Adding one node to a 10-node cluster forces ~90% of data to move. In a system absorbing 58,000 writes/second, this is an outage-level event, not a routine scaling operation.


The ring — consistent hashing#

Cassandra uses consistent hashing instead. Every possible hash value from 0 to 2^64 is laid out as a ring. Each node is assigned a position on the ring and owns all the keys between itself and the previous node.

flowchart LR
    A["Node A (owns 0–33%)"] --> B["Node B (owns 33–66%)"]
    B --> C["Node C (owns 66–100%)"]
    C --> A

When a write arrives, Cassandra hashes the partition key and finds where it falls on the ring. That determines which node is responsible for storing it.

partition key: tweet_1#IN
hash value:    0.45  (falls in 33–66% range)
→ routed to Node B

Now when you add a new node — say Node D — it takes a position on the ring between two existing nodes. Only the keys in that slice move. Everything else stays exactly where it is.

flowchart LR
    A["Node A (0–25%)"] --> D["Node D (25–50%) ← NEW"]
    D --> B["Node B (50–75%)"]
    B --> C["Node C (75–100%)"]
    C --> A

Node D takes a slice from Node B's range. Only Node B's data in the 25–50% range moves. Nodes A and C are completely untouched.

Consistent hashing

A technique where the hash space is a ring and each node owns a contiguous arc of it. Adding or removing a node only moves the data in the affected arc — not the entire dataset.

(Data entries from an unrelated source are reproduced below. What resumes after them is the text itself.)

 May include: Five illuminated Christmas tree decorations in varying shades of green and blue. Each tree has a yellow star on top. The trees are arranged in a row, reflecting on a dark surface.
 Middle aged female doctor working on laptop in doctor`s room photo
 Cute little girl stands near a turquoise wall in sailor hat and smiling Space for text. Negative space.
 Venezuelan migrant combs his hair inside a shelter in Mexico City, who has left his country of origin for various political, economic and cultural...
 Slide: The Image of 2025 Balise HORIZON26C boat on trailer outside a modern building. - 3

The coordinator — how writes are routed#

No client talks directly to the storage node. Every node in Cassandra can act as a coordinator — it receives the client request, figures out which node owns the data, and forwards it there.

flowchart LR
    Client["Client"] --> Coord["Coordinator Node (any node)"]
    Coord -->|"hash(partition_key) finds owner on ring"| Owner["Owner Node (stores the data)"]
    Owner --> Replica1["Replica 1"]
    Owner --> Replica2["Replica 2"]

The client doesn't need to know the ring topology. It connects to any node, that node acts as coordinator, routes to the right place, and handles replication. This is what makes Cassandra masterless — there is no single node that all writes must go through.

Masterless architecture

Every node in Cassandra can be a coordinator. There is no primary node bottleneck. This is a deliberate design choice for availability — if any node goes down, other nodes continue serving requests without an election or failover.


Gossip — how every node knows the ring#

The coordinator can only route to the right node if it knows the full ring topology — which nodes are alive, and which node owns which range. But if there's no master to ask, how does every node know this?

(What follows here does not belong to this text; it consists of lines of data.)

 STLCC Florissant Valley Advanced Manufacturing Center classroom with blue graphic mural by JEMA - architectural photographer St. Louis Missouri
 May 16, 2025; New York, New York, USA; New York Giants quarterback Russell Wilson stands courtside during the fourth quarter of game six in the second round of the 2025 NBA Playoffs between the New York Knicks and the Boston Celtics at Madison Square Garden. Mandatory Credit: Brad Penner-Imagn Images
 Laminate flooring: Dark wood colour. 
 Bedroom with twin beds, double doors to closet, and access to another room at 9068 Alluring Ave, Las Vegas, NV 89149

The answer is the gossip protocol. Every second, each node picks 1–3 random neighbours and exchanges what it knows about the cluster — which nodes are alive, which are down, and who owns which range of the ring. Each neighbour merges that information with what it already knows and passes it on in the next round.

Node A → tells Node C → "Node B is alive, owns range 33–66%"
Node C → tells Node E → same info + everything C knows
Node E → tells Node B → merged picture from across the cluster

It spreads exactly like gossip in an office — no single person tells everyone, but within a few seconds everyone knows everything. After a few rounds, every node has a complete, consistent picture of the entire ring with no central server involved.

This is what makes the coordinator pattern work. When a client connects to any node, that node already has the full ring map locally. It computes the owner with a hash, and routes directly — no lookup, no master to ask.

Cassandra:
Client → Any Node → "I already know the ring, key X is on Node C" → Node C
                     (pure local computation via gossip-maintained ring map)

Gossip protocol

A decentralised communication pattern where each node periodically shares its known cluster state with a few random neighbours. Information propagates exponentially — within seconds, every node converges on the same view of the cluster.

Gossip is also how failures are detected

If a node stops responding to gossip messages, its neighbours mark it as suspect, then down. The cluster reroutes traffic away from it automatically — no human intervention, no central monitor required.